Mefloquine as a prophylaxis for malaria needs to be revisited

Sundus Shafat Ahmad a, Manju Rahi b, Vikash Ranjan a, Amit Sharma a,c,
PMCID: PMC8342532  PMID: 34339933

Abstract

According to WHO, 2019 witnessed 229 million cases of malaria globally, of which Africa accounted for 94% of cases. Early diagnosis and treatment are the basis of malaria management, and the need for good chemoprophylaxis especially for people travelling to endemic areas is vital. There are a number of drug options available for the prophylaxis of malaria, mefloquine being one of the drugs used. Mefloquine has been around from the 1970s, and was developed in the United States keeping in mind the soldiers that were being deployed to areas where chloroquine resistant strains of Plasmodium were discovered. Mefloquine was preferred for its once a week dosage.

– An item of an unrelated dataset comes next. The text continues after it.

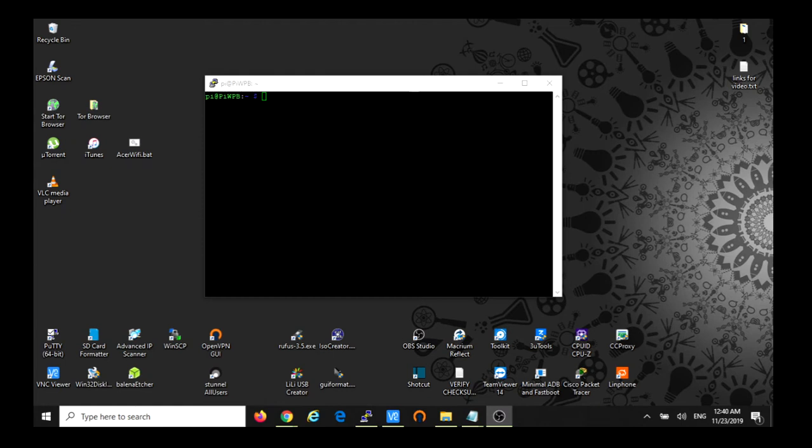Hello guys, in this video I would like to show you how you can change the default SSH port number, which is 22, on the Raspberry Pi running Buster OS.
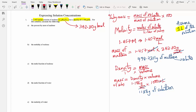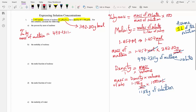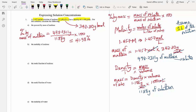We are now ready to find the percentage by mass of maltose. Percent by mass equals 498.7311 grams divided by 1,188 grams, multiplied by 100. Putting this into the calculator gives approximately 41.98% to four significant figures.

Within a decade of its introduction, reports of the side effects associated with its long-term use surfaced. Mefloquine is now reported to cause a myriad of neuropsychiatric side effects including anxiety, sleep disturbance, depression, dizziness and frank psychosis, especially in patients with pre-existing psychiatric disorders. Many countries like the United States and the United Kingdom have updated their drug boxes to include the warning of these potential neuropsychiatric effects. This paper reviews the side effects of mefloquine and why there is a need to revisit its use in Indian drug policy.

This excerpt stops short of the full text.